Sporting Cyclist - Closure

Closure

The last edition was in April 1968, volume 12, number 4. Wadley had already left and the final issue was edited by Green. His leader said:

This is a critical time for cycling and, consequently, for cycling magazines. The post-war bubble of enthusiasm for the sport and pastime burst many years ago; club memberships shrank, the industry shrivelled and other publications collapsed through lack of support.

Sporting Cyclist was by then owned by Longacre Press, which had bought Buchan's publications. Longacre also published Cycling and the two publications merged. "This new 'tandem' will be known as Cycling and Sporting Cyclist", said the leader, "and will bring the best of all home and foreign journalism within one set of covers every week." Wadley wasn't convinced and set up another magazine, International Cycle Sport, which after 199 issues in 17 years also failed, by which time Wadley's contract as editor had long since not been renewed. Roy Green left Sporting Cyclist to join Amateur Photographer.
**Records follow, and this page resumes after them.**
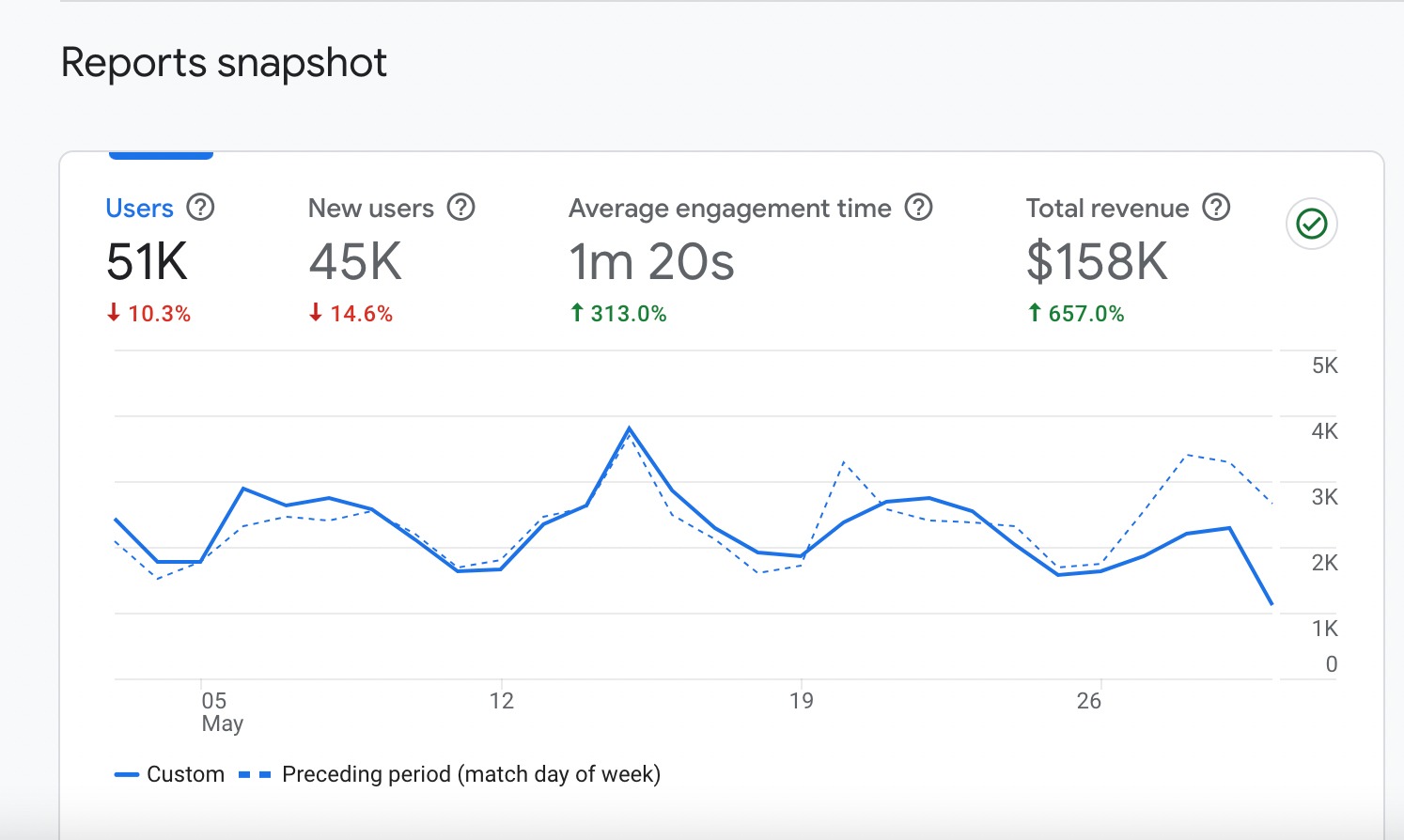 Key metrics in reports snapshot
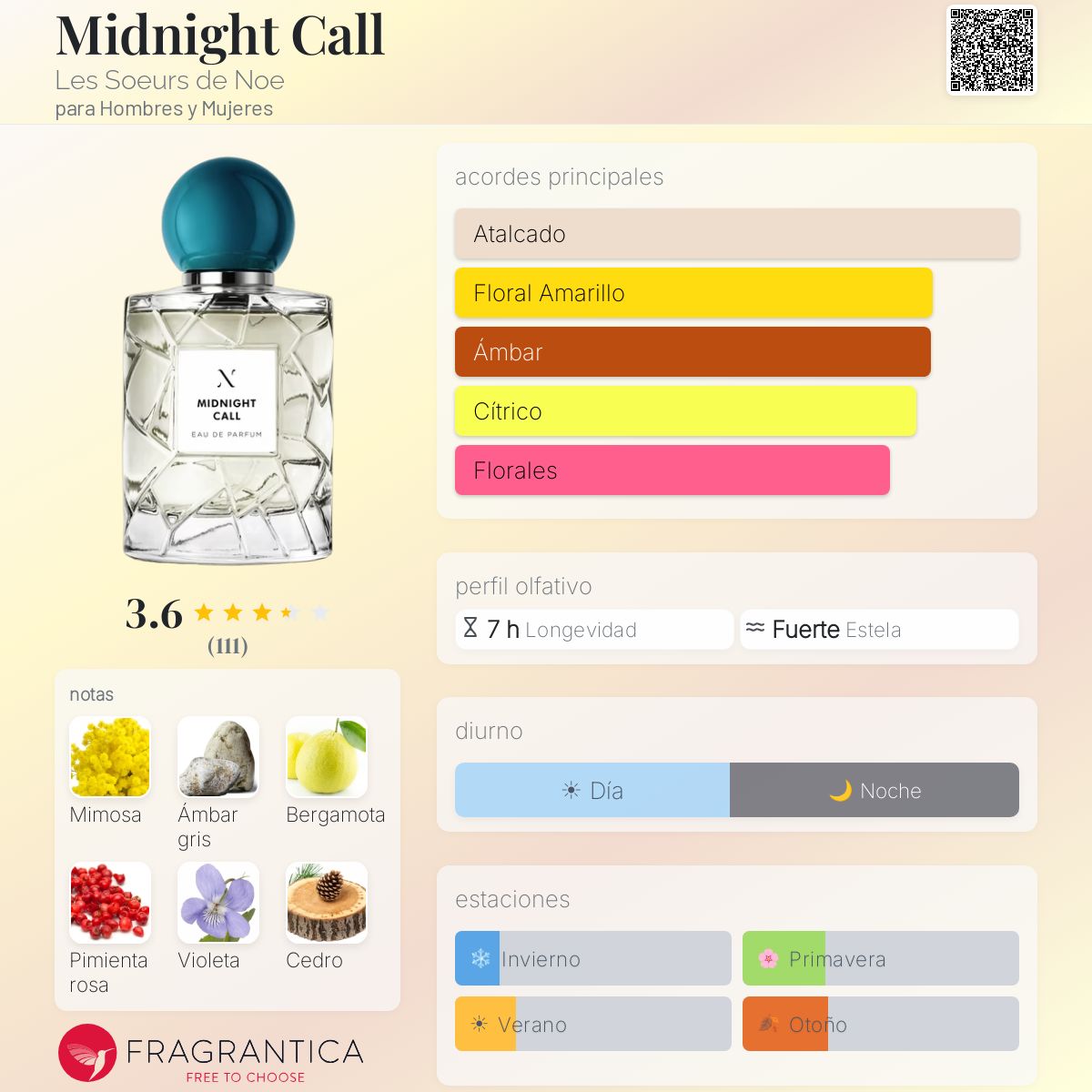 Midnight Call Les Soeurs de Noe fragancia - una fragancia para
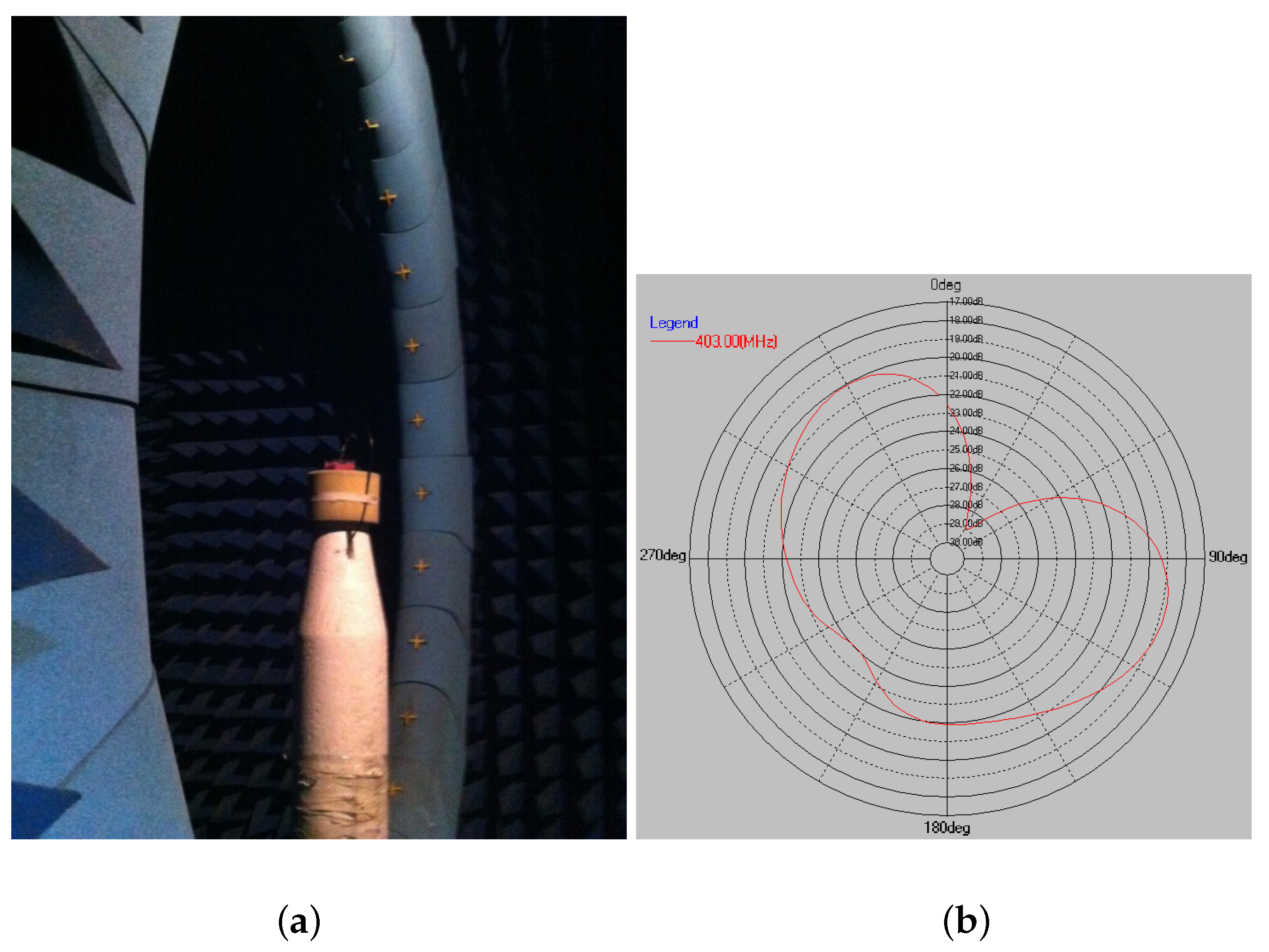 Sensors 22 08182 g012 Sensors 22 08182 g012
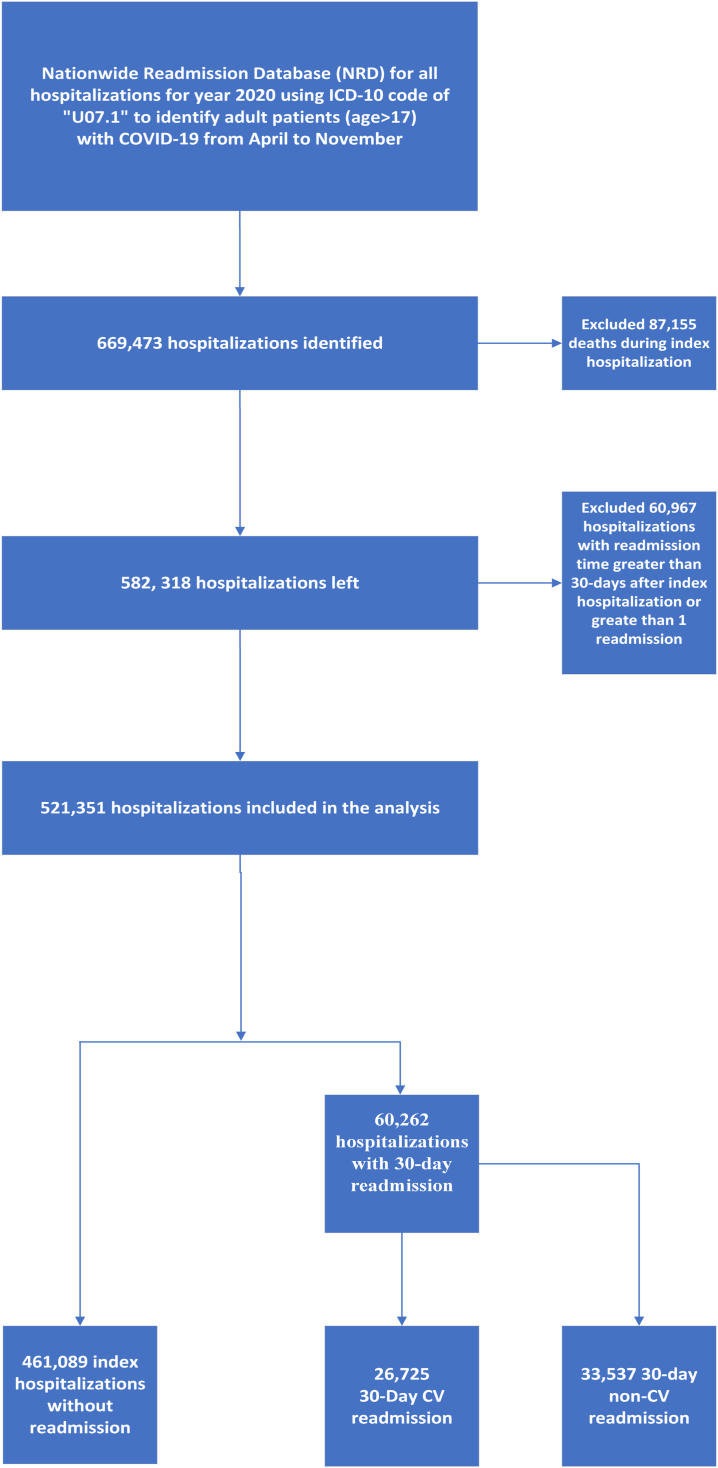 Figure 1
Wadley wrote in his first leading article in International Cycle Sport

I had launched because I knew the cycling world wanted it. There was never any suggestion that it would make a lot of money for anybody. Yet within a few years, after a series of mergers and takeovers, Sporting Cyclist found itself under the control of a giant publishing organisation whose business, understandably, was to make money. A small monthly magazine supported by what it considered to be a "dying industry" was obviously of little interest to such a concern, and its eventual merger with Cycling was simply a matter of time. When the decision was taken I and my most able assistant Roy Green were given the chance of carrying on with the combined publication, but neither accepted the offer.

Sporting Cyclist ran as the centre pages of Cycling for some years before being dropped.